The blade sang in the air for an eternity; Lara felt herself frozen in tearing pain and blind terror. Her view suddenly swung wildly with a sickening thunk; the rocky floor smacked against the back of her head, and her vision rolled once before coming to a stop, cheek resting against something warm and wet. Her own body hung above her, stiff and shaking as nerve endings panicked and sent conflicting signals. The slop of intestines dragged against her cheek again; eyes wide in shock and horror, Lara's mouth shrieked and gabbled silently. Her eyes tracked with horrible clarity as Kali used its third blade to scrape her quivering corpse off the first two, letting it collapse wetly to the floor. Lips drawn in a wordless rictus, Lara wept and worked her throat in half-sobs; the idol bent over and grasped the base of her ponytail. The fading world swung again, until she was looking once more at Kali's perfectly-formed body. Something poked at her throat; she thought of home, and her father. Her jaws clenched as metal sliced against the base of her tongue, then scraped on the very back of her nose. Lara opened her mouth to scream, still trying to draw air from lungs that were no longer connected to her body. The metal punched upward, spiking her with the most intense pain she'd ever imagined.
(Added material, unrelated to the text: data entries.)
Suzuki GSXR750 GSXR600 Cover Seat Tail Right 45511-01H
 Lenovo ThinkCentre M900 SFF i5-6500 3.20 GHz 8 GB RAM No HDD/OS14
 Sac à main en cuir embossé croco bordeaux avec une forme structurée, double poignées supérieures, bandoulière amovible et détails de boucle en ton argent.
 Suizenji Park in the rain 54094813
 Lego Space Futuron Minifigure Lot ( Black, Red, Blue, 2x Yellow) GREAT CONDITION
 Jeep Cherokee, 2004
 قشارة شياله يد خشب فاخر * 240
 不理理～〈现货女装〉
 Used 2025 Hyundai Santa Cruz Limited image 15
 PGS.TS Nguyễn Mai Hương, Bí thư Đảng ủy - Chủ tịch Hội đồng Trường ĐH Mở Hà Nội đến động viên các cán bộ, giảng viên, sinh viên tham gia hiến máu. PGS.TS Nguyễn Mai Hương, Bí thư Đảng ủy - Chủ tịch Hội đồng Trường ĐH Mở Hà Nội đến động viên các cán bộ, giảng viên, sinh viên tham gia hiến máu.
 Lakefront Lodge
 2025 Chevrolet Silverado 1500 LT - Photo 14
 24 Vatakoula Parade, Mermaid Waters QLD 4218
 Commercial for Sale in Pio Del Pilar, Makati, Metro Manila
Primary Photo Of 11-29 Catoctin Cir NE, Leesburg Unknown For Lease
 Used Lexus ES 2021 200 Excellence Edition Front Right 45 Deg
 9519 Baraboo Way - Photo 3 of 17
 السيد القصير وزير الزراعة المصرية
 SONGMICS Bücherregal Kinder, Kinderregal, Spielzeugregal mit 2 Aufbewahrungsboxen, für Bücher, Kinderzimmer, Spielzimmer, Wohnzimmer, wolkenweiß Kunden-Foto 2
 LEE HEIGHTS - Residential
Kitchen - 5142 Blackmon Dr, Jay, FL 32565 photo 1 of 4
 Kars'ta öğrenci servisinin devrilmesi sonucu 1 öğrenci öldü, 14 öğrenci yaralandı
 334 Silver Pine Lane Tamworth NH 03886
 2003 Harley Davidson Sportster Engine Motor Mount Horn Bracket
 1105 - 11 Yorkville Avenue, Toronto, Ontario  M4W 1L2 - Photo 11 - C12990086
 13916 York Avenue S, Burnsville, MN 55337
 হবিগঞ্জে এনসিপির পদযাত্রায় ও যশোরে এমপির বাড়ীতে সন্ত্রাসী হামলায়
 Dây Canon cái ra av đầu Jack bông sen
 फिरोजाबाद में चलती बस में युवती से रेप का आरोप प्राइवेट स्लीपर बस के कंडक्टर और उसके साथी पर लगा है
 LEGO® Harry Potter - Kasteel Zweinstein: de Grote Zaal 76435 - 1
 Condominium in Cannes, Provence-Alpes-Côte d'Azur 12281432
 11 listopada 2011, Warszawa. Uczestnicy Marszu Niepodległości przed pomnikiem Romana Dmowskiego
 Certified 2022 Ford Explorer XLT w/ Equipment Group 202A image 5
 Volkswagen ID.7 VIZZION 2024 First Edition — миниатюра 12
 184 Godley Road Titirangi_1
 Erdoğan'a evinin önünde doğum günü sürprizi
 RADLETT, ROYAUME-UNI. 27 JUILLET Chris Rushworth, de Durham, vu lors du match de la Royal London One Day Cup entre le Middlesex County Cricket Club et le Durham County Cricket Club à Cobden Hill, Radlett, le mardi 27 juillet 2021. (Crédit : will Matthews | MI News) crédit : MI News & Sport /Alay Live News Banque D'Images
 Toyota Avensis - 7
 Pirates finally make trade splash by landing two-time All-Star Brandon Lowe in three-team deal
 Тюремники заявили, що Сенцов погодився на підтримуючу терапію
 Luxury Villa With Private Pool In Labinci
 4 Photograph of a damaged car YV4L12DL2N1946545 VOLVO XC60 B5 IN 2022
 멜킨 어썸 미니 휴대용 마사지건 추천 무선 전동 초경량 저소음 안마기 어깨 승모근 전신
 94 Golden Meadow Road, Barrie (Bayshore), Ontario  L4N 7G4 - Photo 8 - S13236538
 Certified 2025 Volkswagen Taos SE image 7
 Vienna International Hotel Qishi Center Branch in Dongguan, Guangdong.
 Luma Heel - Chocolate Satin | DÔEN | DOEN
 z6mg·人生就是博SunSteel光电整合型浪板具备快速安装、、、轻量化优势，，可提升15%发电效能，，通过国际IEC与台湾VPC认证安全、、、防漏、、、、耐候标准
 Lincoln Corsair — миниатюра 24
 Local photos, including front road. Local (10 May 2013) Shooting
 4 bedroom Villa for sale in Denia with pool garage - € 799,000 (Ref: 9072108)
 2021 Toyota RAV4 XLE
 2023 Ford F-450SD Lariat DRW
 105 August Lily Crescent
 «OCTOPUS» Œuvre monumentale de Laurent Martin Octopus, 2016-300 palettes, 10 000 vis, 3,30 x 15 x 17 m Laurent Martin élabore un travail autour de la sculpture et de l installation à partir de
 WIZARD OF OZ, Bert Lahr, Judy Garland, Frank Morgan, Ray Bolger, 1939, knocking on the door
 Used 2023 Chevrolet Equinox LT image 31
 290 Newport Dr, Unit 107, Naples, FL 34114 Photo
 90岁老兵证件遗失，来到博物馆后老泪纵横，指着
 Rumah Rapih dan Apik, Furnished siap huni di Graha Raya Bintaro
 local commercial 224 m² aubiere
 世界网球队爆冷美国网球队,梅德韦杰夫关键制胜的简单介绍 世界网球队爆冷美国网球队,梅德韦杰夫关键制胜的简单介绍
The statue of Kali looked on with the same somber expression, watching the muscles of Lara's face twitch as its sword pierced her brainpan. The top of her skull offered little resistance to the preternaturally sharp blade; the idol forced Lara's head down along the sword until the bleeding flesh below her jaw pressed against the skull that already topped the pommel. For a time, Kali held the weapon in front of it, watching the last tics work themselves out of Lara's dead muscles. Then, it turned and resumed its spot atop the pedastal. In time, the flesh and hair would rot away from the new skull, leaving only a grisly, empty, silent scream to warn any that followed.